One post tagged with "ai" | KakaoCloud Docs

Building MLOps workflows with Kubeflow

January 31, 2024 · 7 min read

Developer

Hello. In this post, we introduce Kubeflow, a core platform for machine learning operations.

Kubeflow is an open-source project designed to reduce the complexity of machine learning and help data scientists and developers develop and deploy machine learning models more easily and quickly. In the first sentence introducing Kubeflow on the official Kubeflow site, it is described as a project that helps comprehensively manage and operate various open-source tools for machine learning on Kubernetes.

Starting from TensorFlow Extended (TFX), which Google used internally in the past, Kubeflow has now expanded into one of the most widely known end-to-end solutions for running machine learning workflows in various Kubernetes-based environments.

One of Kubeflow's most innovative approaches is the integration of AutoML and Kubeflow Pipelines. This allows users to automate and optimize the training, evaluation, and deployment stages of models, reducing repetitive work in machine learning projects. In addition, multi-tenant support has been strengthened so that multiple teams can effectively share the same Kubeflow instance while isolating resources. The Kubeflow service provided by KakaoCloud is also designed to maximize the efficiency of machine learning work and make it easy for users to access.
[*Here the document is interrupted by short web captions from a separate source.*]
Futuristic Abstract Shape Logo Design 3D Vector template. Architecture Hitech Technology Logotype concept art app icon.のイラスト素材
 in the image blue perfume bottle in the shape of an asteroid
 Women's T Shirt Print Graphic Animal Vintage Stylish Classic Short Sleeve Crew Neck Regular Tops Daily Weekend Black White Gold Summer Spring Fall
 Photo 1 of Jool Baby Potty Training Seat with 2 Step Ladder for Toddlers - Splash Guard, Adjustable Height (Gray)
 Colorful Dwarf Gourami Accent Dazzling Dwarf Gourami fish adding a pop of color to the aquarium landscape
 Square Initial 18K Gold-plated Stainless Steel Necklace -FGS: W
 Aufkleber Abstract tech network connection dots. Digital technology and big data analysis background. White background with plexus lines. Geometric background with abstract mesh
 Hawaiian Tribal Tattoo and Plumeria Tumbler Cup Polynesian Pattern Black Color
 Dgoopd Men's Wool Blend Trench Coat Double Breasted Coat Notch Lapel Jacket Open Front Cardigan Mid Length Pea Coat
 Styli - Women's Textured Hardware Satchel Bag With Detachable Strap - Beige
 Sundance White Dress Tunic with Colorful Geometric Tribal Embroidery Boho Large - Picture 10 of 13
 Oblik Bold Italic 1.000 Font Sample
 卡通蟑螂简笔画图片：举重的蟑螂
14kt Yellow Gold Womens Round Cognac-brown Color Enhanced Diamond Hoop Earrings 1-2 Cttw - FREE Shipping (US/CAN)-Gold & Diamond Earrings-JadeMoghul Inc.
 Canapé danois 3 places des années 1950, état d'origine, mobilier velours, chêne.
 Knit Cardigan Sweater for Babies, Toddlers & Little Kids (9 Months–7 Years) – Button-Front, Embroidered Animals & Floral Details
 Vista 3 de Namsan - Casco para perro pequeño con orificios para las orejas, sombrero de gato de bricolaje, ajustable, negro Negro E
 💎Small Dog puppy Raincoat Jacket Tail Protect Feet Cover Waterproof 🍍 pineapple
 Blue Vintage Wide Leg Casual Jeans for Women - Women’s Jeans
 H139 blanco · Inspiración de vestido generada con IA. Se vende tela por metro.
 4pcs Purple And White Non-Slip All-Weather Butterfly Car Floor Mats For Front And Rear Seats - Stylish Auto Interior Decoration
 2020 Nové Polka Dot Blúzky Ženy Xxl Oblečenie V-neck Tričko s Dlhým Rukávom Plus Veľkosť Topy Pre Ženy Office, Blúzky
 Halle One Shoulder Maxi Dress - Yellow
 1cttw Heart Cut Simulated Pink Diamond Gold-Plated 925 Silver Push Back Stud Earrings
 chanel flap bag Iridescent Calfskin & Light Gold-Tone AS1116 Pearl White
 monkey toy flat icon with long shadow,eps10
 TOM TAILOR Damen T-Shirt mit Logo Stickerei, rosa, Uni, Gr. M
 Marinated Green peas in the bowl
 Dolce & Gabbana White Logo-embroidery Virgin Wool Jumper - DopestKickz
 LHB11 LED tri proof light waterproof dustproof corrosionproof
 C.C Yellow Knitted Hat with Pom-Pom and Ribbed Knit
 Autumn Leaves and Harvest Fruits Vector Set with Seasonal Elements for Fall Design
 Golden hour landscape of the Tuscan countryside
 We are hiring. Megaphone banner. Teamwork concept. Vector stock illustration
In this post, we introduce Kubeflow's major components, latest features, and various tutorial scenarios for using Kubeflow on KakaoCloud.

Kubeflow features

Kubeflow supports the following tasks in Kubernetes environments with the goal of flexible scaling and easy, convenient production deployment of machine learning models.

Easy, repeatable, and portable deployment: Pipelines created through Kubeflow make deployment easier across multiple environments, including cloud and on-premises environments.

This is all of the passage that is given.